Blurring the Lines of Public and Private Domain: Robin Thicke, Pharrell Williams v Gaye Family
- CIPIT |
- March 23, 2015 |
- Guest Post
by Wiseman Qinani Ngubo
This past week we have seen many different opinions on various platforms on the jury decision to award the Gaye family $7.3 million in the Blurred Lines case. The Gaye family have not only taken a substantial amount of money from Pharrell & Robin Thicke they have also in turn prejudiced the general public by effectively privatising what was in and what should remain in the public domain.
What is the public domain in the context of intellectual property law? The public domain is sometimes referred to as “the commons” and comprises works that are not protected by intellectual property law, works that have lost the limited protection initially granted and fallen back into the public domain as well as aspects of intellectual property where permission is not required such as ideas or fair use/experimental exceptions etc. It is essentially any and all things that are freely available to the general public in respect of all intellectual property.
The case was based on what is said to the “feel” of Blurred Lines being similar to Marvin’s Got To Give It Up. Robin & Pharrell had been quoted as saying they had attempted to invoke an era and had drawn inspiration from the song but had not in fact used any of its elements.

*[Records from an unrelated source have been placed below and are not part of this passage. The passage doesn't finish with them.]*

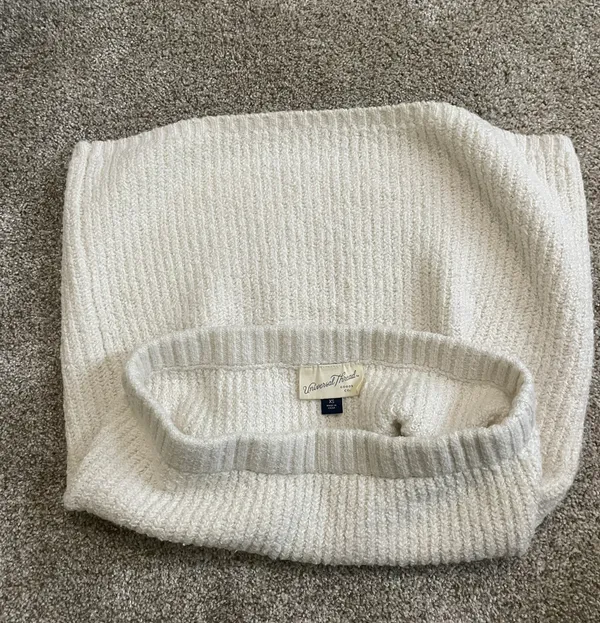 Knitted Mini Skirt White - Image 3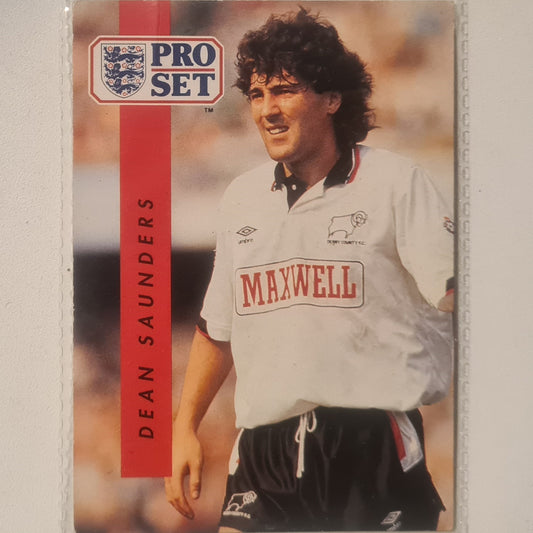 Dean Saunders 1990-91 Pro Set #71  soccer football Derby County good Sleeved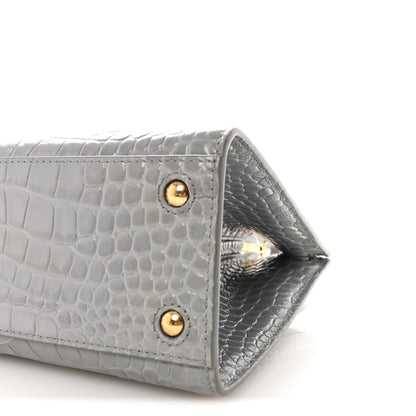 Burberry Crocodile Embossed Calfskin Mini Frances Tote Cloud Grey 9 of 9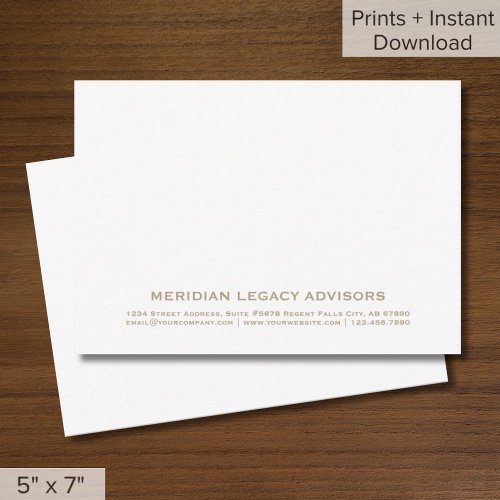 Minimalist White and Gold Typographic Note Card
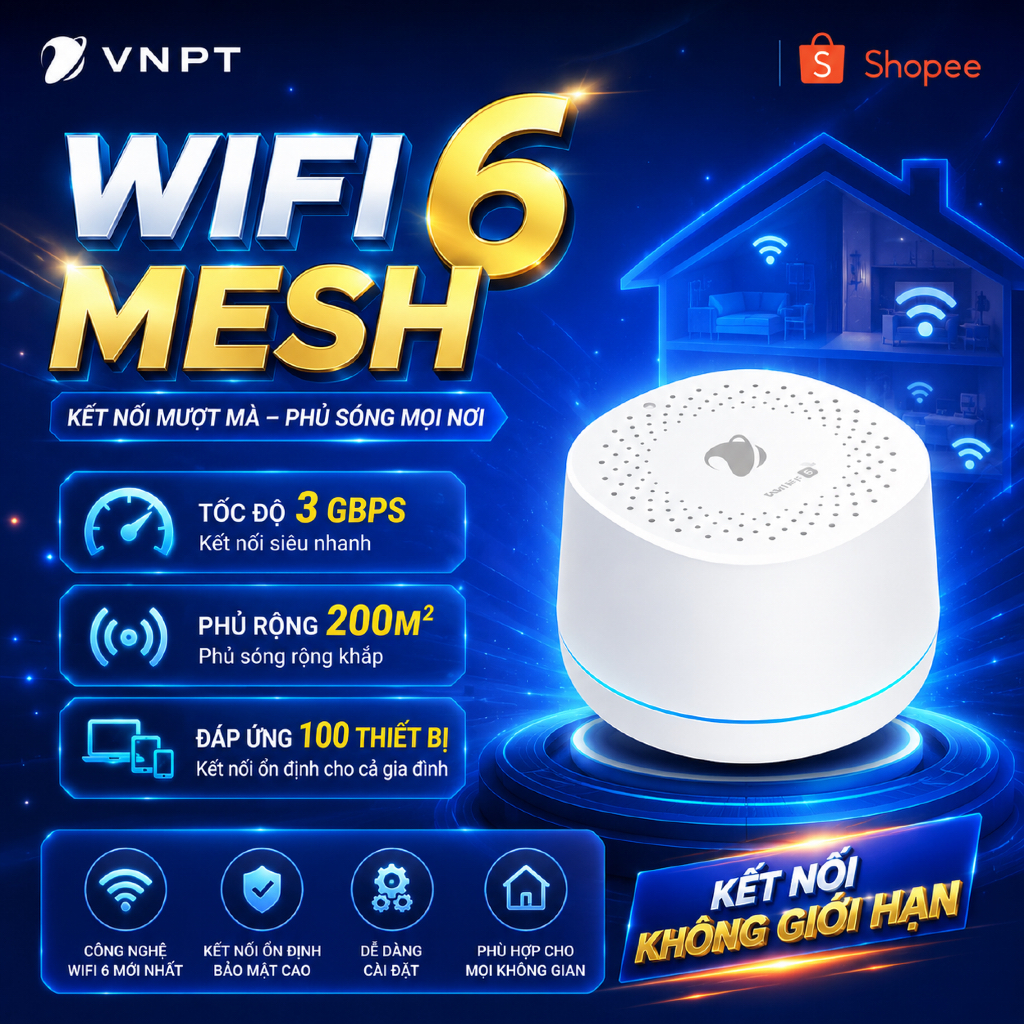 [CHÍNH HÃNG] Wifi Mesh 6 VNPT Technology IGate EW302S tốc độ cao 3,000MB chuẩn AC 2 băng tần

The appreciation of the basic premise of copyright law itself was unfortunately lost to the jury. Copyright (like all intellectual property law) at its core, is not about extending or perpetually protecting private rights but rather, it is about protecting the public domain. The fundamental purpose is to ensure that there is enough material commonly available in order to facilitate and aid further innovation. This is done by granting a limited monopoly as an incentive to creators. The ultimate goal however, is to promote free access and to ensure that the public domain grows. This distinction was best articulated by Thomas Macaulay in his speech to the House of Commons the 19th Century where he averred:
“It is good that authors should be remunerated; and the least exceptionable way of remunerating them is by a monopoly. Yet monopoly is an evil. For the sake of the good we must submit to the evil; but the evil ought not to last a day longer than is necessary for the purpose of securing the good”

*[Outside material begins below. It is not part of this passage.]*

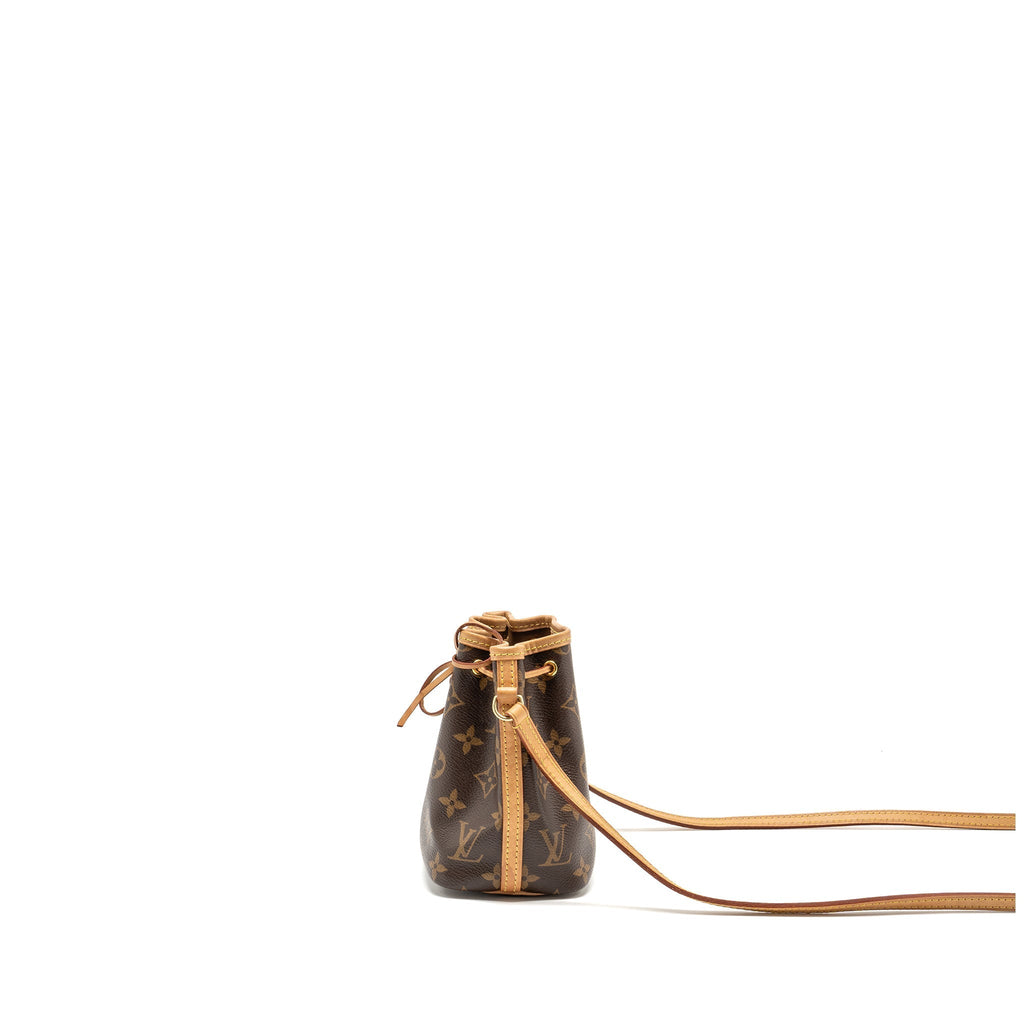 Nano Noe Monogram Canvas Handbag Gold-Tone Hardware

We cannot extend monopoly protection to things that should be or which are already in the public domain. In doing we, effectively decrease what is available for the public to use as inspiration for further innovation.
Musicians and indeed Marvin Gaye himself, like all creatives, draw inspiration from the public domain. Granting monopoly for the “feel” of the song is tantamount to copyright protecting an idea in its non-material form. This is against natural law and indeed Copyright law itself which requires the idea to first be reduced to material form before it can be protected. Thomas Jefferson expresses this as follows:
“If nature has made any one thing less susceptible than all others of exclusive property, it is the action of the thinking power called an idea, which an individual may exclusively possess as long as he keeps it to himself; but the moment it is divulged, it forces itself into the possession of every one, and the receiver cannot dispossess himself of it. Its peculiar character, too, is that no one possesses the less, because every other possesses the whole of it. He who receives an idea from me, receives instruction himself without lessening mine; as he who lights his taper at mine, receives light without darkening me.”
“Feel” is how genres are born. It is unfathomable that one could have copyright protection for the “feel” of all reggae music. In the same breath, how would genres like Techno, EDM, House, Afro-Beats etc be if an individual was granted a monopoly to the “feel” of such genres? This concept is so public that it is pre-programmed into music software and digital instruments like pianos and drumkits. We cannot punish creators for having a muse nor can we extend monopoly protection to those who inspire others. The departure point when dealing with copyright is to understand that ideally, everything should be available to the public. Those who seek monopoly should bear the burden of proof and not the other way around.
The Gaye family and indeed this whole case showcases the dangers of granting copyright monopolies that the early scholars where weary off. Macaulay (quoted in James Boyle’s “The Public Domain: Enclosing The Commons of the Mind”) warned that:
“those who controlled the monopoly, particularly after the death of the original author, might be given too great a control over our collective culture. Censorious heirs or purchasers of the copyright might prevent the reprinting of a great work because they disagreed with its morals”
This case has proven Macaulay’s words true even after 2 centuries of them being uttered. The dangers of the abuse of the copyright monopoly that were apparent then, are manifesting today. The Gaye family has effectively taken what should be commonly available (and indeed that which was available to Marvin Gaye himself when he created the song) and placed it in the private realm for their exclusive use. This is not just a loss for Pharell & Robin Thicke but rather a loss for the music industry, the creative industry as well as the general public as a whole.